Gold and Dollar Market Summary
Dan NorciniComex gold for June delivery closed down $9.30 today at $653.30 .
The London PM fix for euro gold came in at €490.839.
The US Commerce Department released the Durable Goods numbers for the month of April this morning. The data showed a 0.6% increase compared to March. Excluding transportation it was up 1.5%. Excluding Defense it was a 0.6% increase. The “Defense Aircraft/parts” category showed a big jump of 19.5% over March which had experienced a huge decline last month dropping -31.6%.
The big number that had everyone back-slapping and handing out “high 5’s” this morning was the housing sales data. US new home sales supposedly increased more than expected and at their fastest pace in 14 years. I personally greet such data with a huge amount of skepticism but it was enough to get dollar bulls all excited and that allowed gold shorts to press gold through the bottom of its two day range near 658. That set off a huge cascade of stops which ran it down to the swing index low near 654 and maintained sufficient selling momentum to set off those stops below that as well. It was a very happy day for pit locals who made fortunes today and will celebrating this Memorial Day weekend over lots of barbeque and cold beer.
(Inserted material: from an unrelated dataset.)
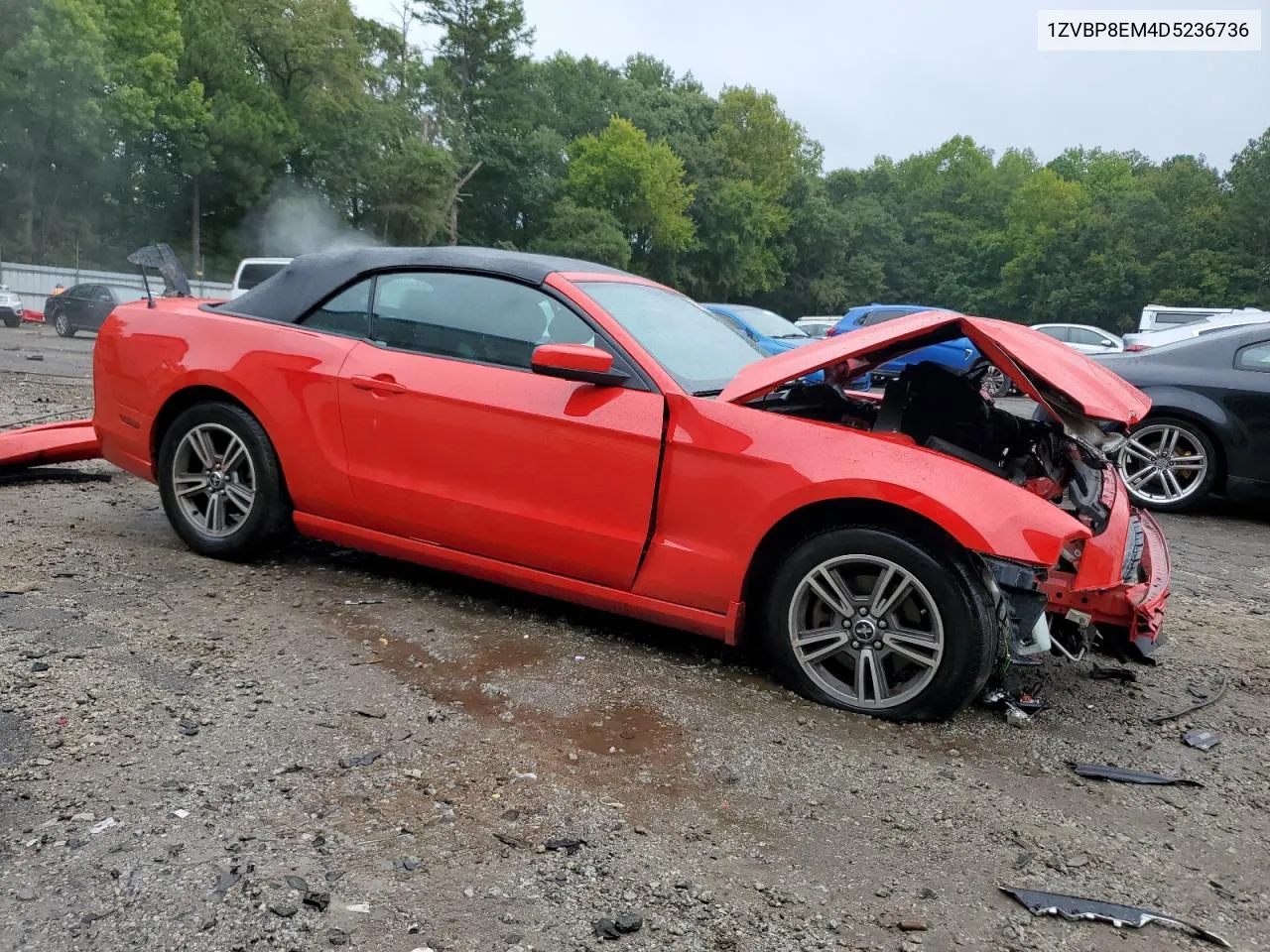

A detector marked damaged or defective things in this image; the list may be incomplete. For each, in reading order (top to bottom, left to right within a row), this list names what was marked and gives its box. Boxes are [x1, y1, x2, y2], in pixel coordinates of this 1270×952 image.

crumpled hood [726, 309, 1153, 423]
damaged front bumper [1041, 467, 1168, 654]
As a point of reference, the gold market is keying far more on the euro than it is directly on the dollar index itself. Any weakness in the euro is being magnified as selling pressure in gold since the dollar index did not have that much strength today all things considered. I wrote yesterday that I felt it would take the US dollar index at 83.25 or better to allow gold to break through support in the mid 650’s. That was obviously not the case as a mere 23 tick move up in the dollar was good for a $10 + spanking of gold. Part of the explanation for this glaring overreaction in gold to a piddly blip in the dollar was that today is June option expiration in the Comex gold pit. It is very obvious to me that someone got hurt quite badly in there today and that the selling pressure became magnified as a result. These kind of machinations related to option expiration can cause very wild gyrations in price. Throw in the fact that we are still in the middle of rollover activity and gold bears are having a veritable field day! You guys that trade out there should file this sort of info in your mind somewhere and utilize it when the next rollover period from August to December gold takes place and option expiration nears. It happens almost like clockwork as the always parasitical pit locals make their yearly incomes during these periods.
Just a short note in hindsight as it occurred to me that some might not understand this thing about option expiration. Anyone who sold or wrote a call option for June gold that had a strike price of $660 for example does not want to see those options expire with June gold above that price. They want June below that price on option expiration day since that means the option expires worthless and they get to keep all that premium money. Those guys will oftentimes gang up on the market on option expiration day and sell the heck out of it to drive price down below the strike price. If they can do this without too much buying opposition, they become quite happy. The same goes for those who sold puts that were out of the money, say at the $650 level. They do not want to see gold trade down below $650 since that means those options can be exercised with the possibility of sticking them with a losing long position. Seeing their option strike price being threatened, they will then buy big time as price drops near that level to prop up the market. The result can be those wild gyrations back and forth as both sides defend their positions.
There were some pretty sizeable buy orders coming into the gold market however down below the 654 level so it still has a chance to make a stand here above psychologically significant 650 which also happens to coincide with the 200 day moving average. Should that fail, we are headed down to test major double bottom support near 640. If the euro cannot stay above the 1.33 level, that level might give way in gold which would open the door to perhaps another $20-$30 drop down near the former important $612 level. But as of now, buying support is coming in above the 200 day moving average near $650. Let’s see if that can hold us.
I think it is worth mentioning again that I feel we are going to be quite surprised by tomorrow’s COT report. There really does seem to me to be very sizeable fresh short positions coming into this market on the fund side as that category abandons the long side in droves. Today’s numbers will not show up on tomorrow’s report but it is more of the same pattern we have been seeing for the last couple of weeks. Many hedge funds are coughing up their longs and moving to the short side while the big index funds are moving in and allocating fresh monies to the long side. Bullion banks are covering lots of shorts making lots of money on the leg down. Eventually the same whacked out hedgies will come back into the gold market with the same reckless abandon that they are now exhibiting as they leap overboard but that will not occur until the technical resistance levels are taken out to the upside. The hedgies do not buy weakness – they chase it just like they chase strength.
By the way, to provide a bit of perspective to the punch-drunk dollar bulls who are hanging their nebulous hopes on a housing market recovery and touting today’s huge increase in new home sales as evidence, please see this article which should be a dose of reality. The longer I am in this business the more I become convinced that we are raising a generation of investors who are sound byte lemmings who either lack the mental energy to examine data beyond the headline or what is worse, are too lazy to care. Note well the first and third paragraphs which qualify as a sobriety check. You can sell lots of anything quite easily if you are willing to give it away!